Sixty type 2 diabetic patients with nonproliferative diabetic retinopathy (NPDR), 85 patients with proliferative diabetic retinopathy (PDR), and 70 patients with diabetes but without retinopathy were considered as diabetic control (DC) for the study. In addition, 65 normal individuals without diabetes were enrolled as healthy control in this study. Erythrocyte oxidized nicotinamide adenine dinucleotide phosphate / reduced nicotinamide adenine dinucleotide phosphate (NADP / NADPH), oxidized nicotinamide adenine dinucleotide / reduced nicotinamide adenine dinucleotide (NAD / NADH) glutathione, plasma and vitreous lactate, and pyruvate levels were determined by enzymatic reaction-based spectrophotometric assay for the patients and individuals.

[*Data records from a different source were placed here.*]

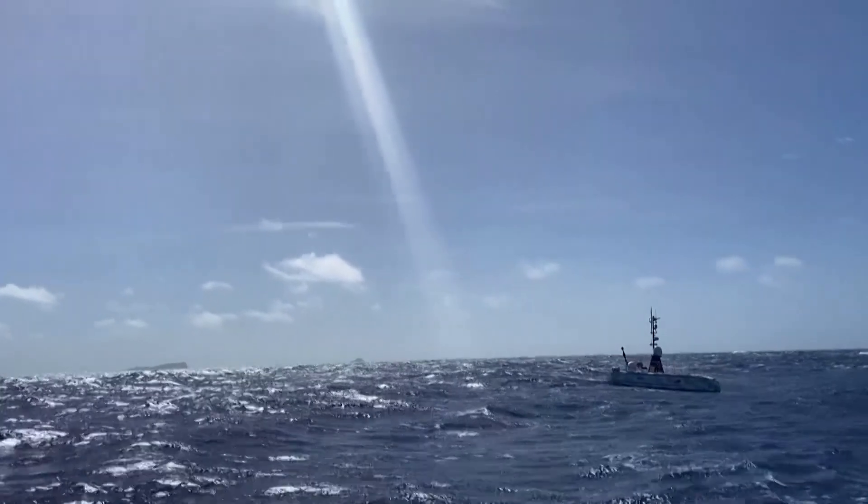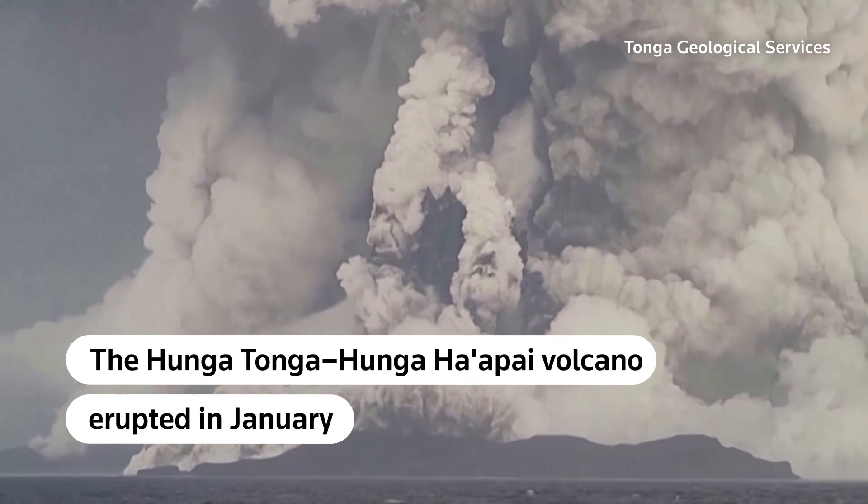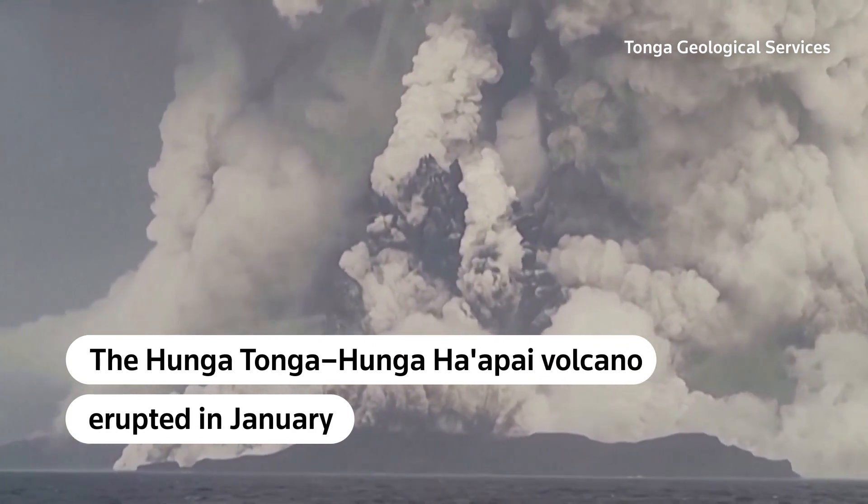We've collected huge amounts of data to help the scientists understand a little more about it. Our third mission, which we're going out on now, is to understand a little bit more about outside the volcano.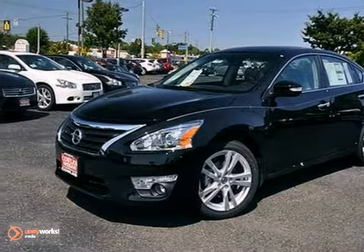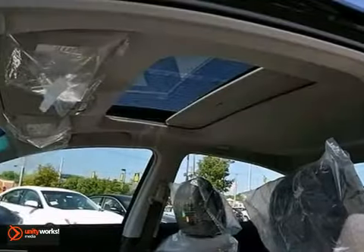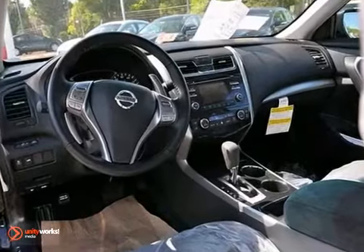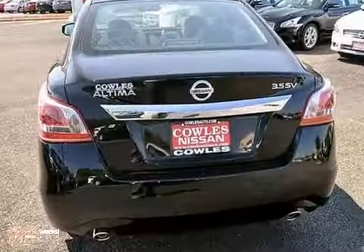Everyone will fit comfortably in this 2013 Nissan Altima. With great features like tinted glass, a moonroof and multifunction steering wheel, this sedan is sure to please. The dual zone climate control and auxiliary audio input are nice touches too.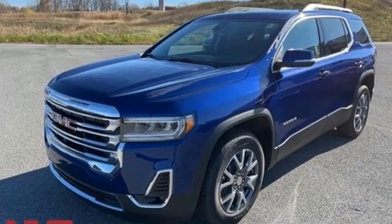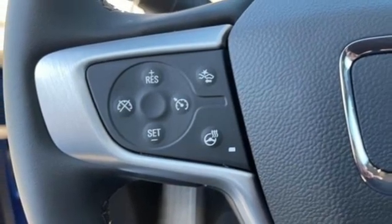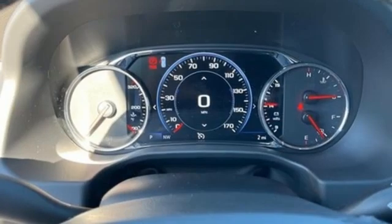integrated navigation system with voice activation, auto-dimming rearview mirror, dual zone climate control, wi-fi hotspot, streaming audio, hands-free liftgate, remote engine start, and automatic transmission.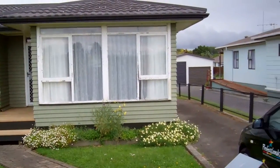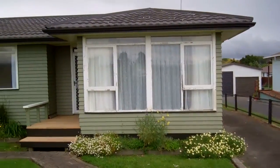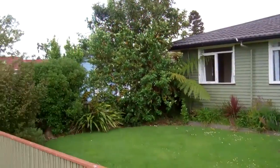48 College Road, Edgecombe. Three bedroom family home close to town.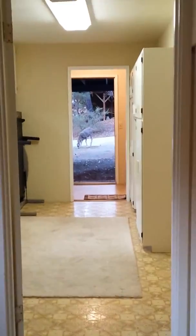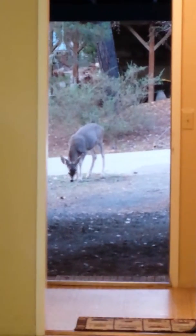Trying to coax the deer into the house. There she is. Isn't that cool? She doesn't really want to come in.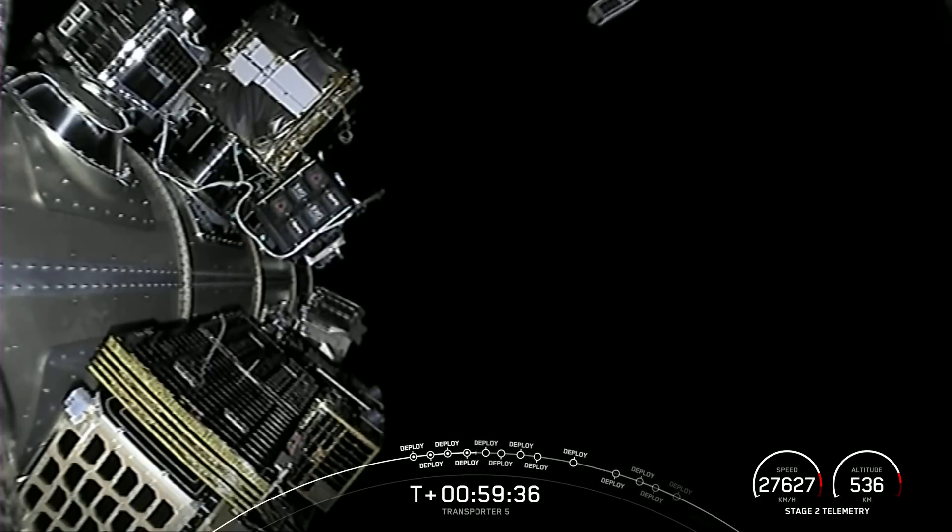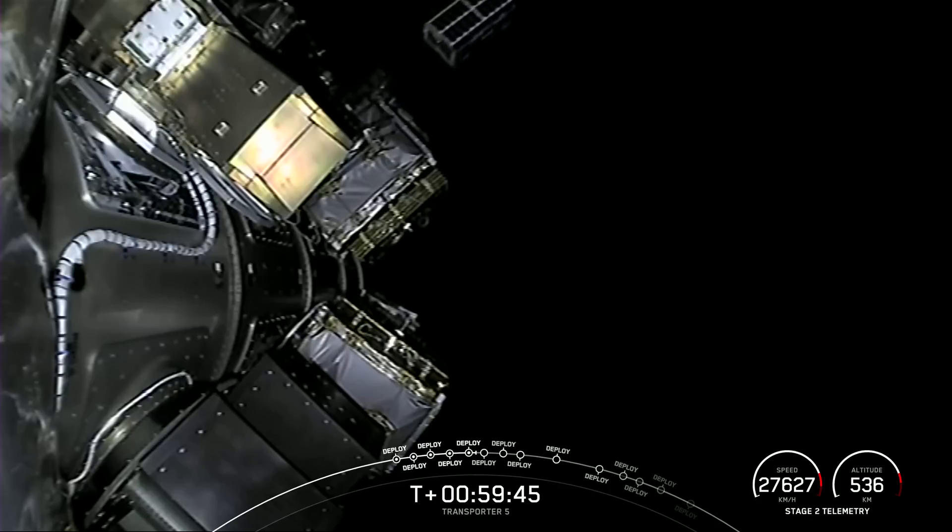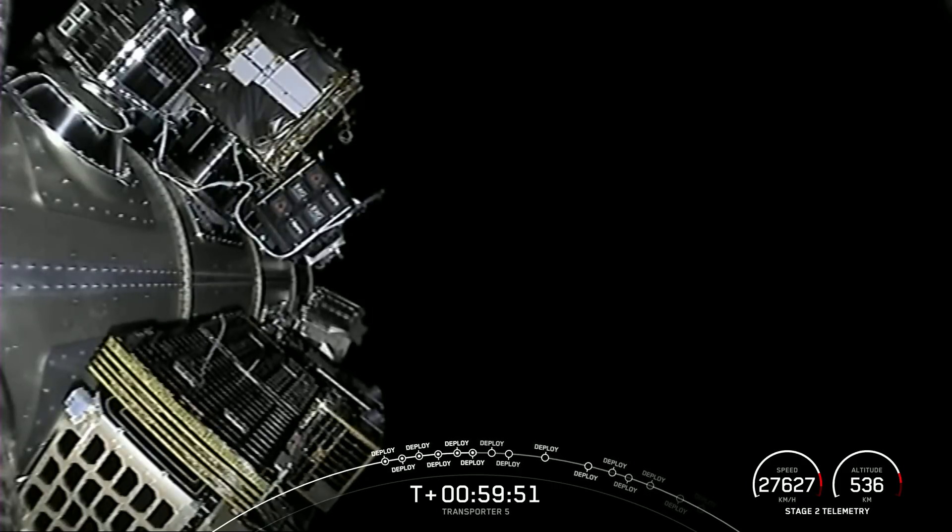Lemur 2 Karen B, separation confirmed. Euridoneta, separation confirmed. GeoOptics CISRO 2, Vehicle 1, separation confirmed.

Erythrocyte NADP+ to NADPH ratio to NADPH ratio was found to be significantly higher among NPDR and PDR patients compared with DC subjects (P < 0.0001). Erythrocyte-reduced glutathione was significantly decreased in patients of NPDR (P = 0.0004) and patients of PDR (P = 0.0157) compared to DC. Erythrocyte NAD to NADH ratio was also significantly decreased in patients of NPDR (P < 0.0001) and PDR (P < 0.0001) compared to DC subjects. Lactate to pyruvate ratio of plasma was elevated significantly in patients with NPDR compared with DC (P < 0.0001) and those having PDR (P = 0.0046). In the vitreous fluid, the lactate to pyruvate ratios were found to be significantly lower in normal individuals without diabetes compared with patients having PDR (P < 0.0001).


Hyperglycemia-mediated erythrocyte redox state alterations might be a potential risk factor for the development of NPDR in poorly controlled diabetic subjects.